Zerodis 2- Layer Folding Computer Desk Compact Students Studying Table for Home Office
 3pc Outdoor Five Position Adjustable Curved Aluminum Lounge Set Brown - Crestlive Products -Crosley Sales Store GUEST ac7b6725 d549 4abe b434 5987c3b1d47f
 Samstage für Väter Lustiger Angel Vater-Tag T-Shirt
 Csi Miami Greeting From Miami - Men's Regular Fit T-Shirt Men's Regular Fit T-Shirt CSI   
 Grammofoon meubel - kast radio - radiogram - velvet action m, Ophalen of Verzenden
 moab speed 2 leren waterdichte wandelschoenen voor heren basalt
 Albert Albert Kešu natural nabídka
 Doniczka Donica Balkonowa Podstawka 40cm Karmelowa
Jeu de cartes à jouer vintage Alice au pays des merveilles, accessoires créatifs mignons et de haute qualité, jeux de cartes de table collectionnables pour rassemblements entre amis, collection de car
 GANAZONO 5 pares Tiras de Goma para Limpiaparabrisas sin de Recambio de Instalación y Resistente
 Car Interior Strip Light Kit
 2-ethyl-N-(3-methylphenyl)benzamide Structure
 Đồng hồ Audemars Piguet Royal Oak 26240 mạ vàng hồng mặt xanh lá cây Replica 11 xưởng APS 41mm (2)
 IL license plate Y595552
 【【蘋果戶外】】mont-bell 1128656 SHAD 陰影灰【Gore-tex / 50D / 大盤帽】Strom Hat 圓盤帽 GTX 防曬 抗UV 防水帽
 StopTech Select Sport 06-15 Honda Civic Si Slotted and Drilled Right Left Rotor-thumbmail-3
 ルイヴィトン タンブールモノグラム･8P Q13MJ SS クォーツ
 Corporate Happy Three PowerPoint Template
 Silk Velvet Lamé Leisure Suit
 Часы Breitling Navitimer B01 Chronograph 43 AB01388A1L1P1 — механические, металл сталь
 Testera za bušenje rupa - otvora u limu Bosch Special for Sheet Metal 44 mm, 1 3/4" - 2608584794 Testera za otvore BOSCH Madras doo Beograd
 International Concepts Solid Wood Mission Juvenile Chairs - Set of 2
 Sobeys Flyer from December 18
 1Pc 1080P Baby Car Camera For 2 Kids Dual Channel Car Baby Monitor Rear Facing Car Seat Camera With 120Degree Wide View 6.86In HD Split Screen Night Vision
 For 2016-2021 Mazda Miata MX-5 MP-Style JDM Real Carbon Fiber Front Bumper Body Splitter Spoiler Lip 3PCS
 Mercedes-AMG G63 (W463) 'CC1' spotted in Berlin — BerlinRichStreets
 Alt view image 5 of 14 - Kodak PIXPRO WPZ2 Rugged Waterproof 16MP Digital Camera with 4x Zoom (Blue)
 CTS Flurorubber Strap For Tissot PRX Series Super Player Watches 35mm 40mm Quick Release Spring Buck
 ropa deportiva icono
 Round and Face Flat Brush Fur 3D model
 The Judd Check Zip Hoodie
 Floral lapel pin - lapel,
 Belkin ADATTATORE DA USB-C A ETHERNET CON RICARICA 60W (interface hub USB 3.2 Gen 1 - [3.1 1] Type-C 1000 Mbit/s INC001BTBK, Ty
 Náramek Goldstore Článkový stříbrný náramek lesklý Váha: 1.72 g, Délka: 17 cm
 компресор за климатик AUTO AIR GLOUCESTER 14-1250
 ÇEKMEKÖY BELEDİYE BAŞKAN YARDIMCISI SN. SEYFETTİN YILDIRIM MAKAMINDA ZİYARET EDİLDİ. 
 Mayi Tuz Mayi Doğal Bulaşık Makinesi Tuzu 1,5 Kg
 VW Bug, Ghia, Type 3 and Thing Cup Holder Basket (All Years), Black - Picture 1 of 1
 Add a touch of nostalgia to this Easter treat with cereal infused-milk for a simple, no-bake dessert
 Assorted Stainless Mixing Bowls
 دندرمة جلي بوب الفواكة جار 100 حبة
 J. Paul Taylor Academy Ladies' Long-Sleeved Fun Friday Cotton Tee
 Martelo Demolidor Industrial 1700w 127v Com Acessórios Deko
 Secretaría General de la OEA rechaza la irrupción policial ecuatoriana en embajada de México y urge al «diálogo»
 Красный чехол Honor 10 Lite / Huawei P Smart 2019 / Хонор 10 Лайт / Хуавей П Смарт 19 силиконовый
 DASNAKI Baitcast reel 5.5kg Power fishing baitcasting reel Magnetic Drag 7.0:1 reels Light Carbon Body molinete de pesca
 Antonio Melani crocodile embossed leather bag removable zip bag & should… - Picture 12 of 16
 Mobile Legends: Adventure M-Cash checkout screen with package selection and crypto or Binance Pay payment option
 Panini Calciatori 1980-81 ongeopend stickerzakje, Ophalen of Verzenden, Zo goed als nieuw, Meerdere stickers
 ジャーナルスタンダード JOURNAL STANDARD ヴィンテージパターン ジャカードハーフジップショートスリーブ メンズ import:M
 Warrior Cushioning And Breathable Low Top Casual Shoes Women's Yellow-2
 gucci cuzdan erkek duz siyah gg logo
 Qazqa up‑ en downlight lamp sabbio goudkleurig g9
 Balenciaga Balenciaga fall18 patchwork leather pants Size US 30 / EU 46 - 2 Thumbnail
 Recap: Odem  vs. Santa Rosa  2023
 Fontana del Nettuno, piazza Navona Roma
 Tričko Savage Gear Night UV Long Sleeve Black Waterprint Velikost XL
---*---
### What you need to do
Tally the lines above in which the string "Ophalen" occurs, and give the total with nothing added.

### The answer
2